» **Work to be completed**
Make an exact transcript of the lines in the data below, starting with the one containing "However, if you're" and going on through the one containing "Dan from Bizarre", with both included and the pictures left out.

» **Data for processing**
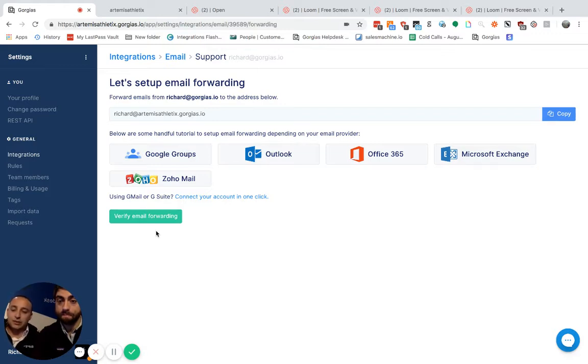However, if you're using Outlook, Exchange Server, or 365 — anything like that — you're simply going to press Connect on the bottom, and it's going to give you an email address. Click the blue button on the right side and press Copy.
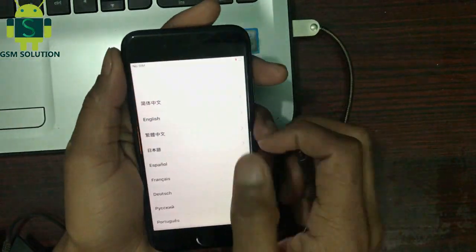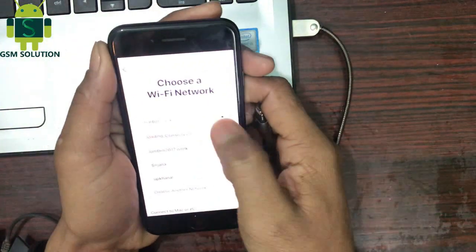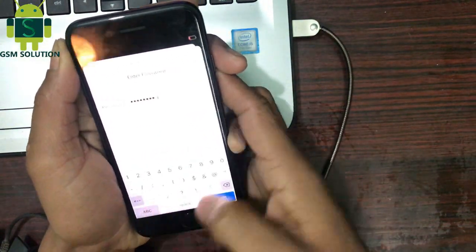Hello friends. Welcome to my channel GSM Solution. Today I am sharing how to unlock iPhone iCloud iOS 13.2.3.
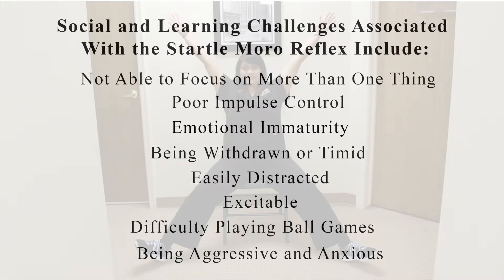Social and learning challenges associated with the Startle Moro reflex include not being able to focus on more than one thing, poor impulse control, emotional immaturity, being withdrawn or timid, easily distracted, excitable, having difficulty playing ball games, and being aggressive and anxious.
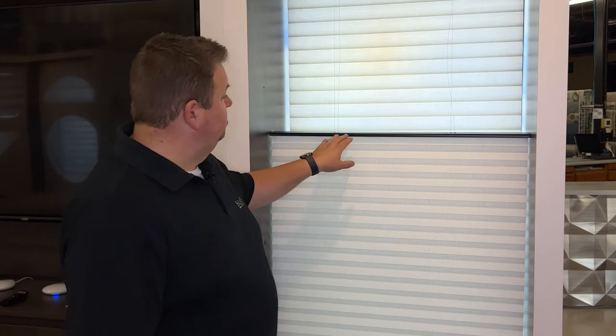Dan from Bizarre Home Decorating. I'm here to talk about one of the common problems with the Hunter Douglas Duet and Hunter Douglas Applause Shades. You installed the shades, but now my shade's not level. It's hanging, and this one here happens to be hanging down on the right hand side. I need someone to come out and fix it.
--
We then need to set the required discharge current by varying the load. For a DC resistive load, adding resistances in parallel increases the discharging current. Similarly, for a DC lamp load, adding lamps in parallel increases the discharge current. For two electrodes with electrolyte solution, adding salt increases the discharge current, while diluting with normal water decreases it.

» **Solution to this task**
However, if you're using Outlook, Exchange Server, or 365 — anything like that — you're simply going to press Connect on the bottom, and it's going to give you an email address. Click the blue button on the right side and press Copy.
Hello friends. Welcome to my channel GSM Solution. Today I am sharing how to unlock iPhone iCloud iOS 13.2.3.
Social and learning challenges associated with the Startle Moro reflex include not being able to focus on more than one thing, poor impulse control, emotional immaturity, being withdrawn or timid, easily distracted, excitable, having difficulty playing ball games, and being aggressive and anxious.
Dan from Bizarre Home Decorating. I'm here to talk about one of the common problems with the Hunter Douglas Duet and Hunter Douglas Applause Shades. You installed the shades, but now my shade's not level. It's hanging, and this one here happens to be hanging down on the right hand side. I need someone to come out and fix it.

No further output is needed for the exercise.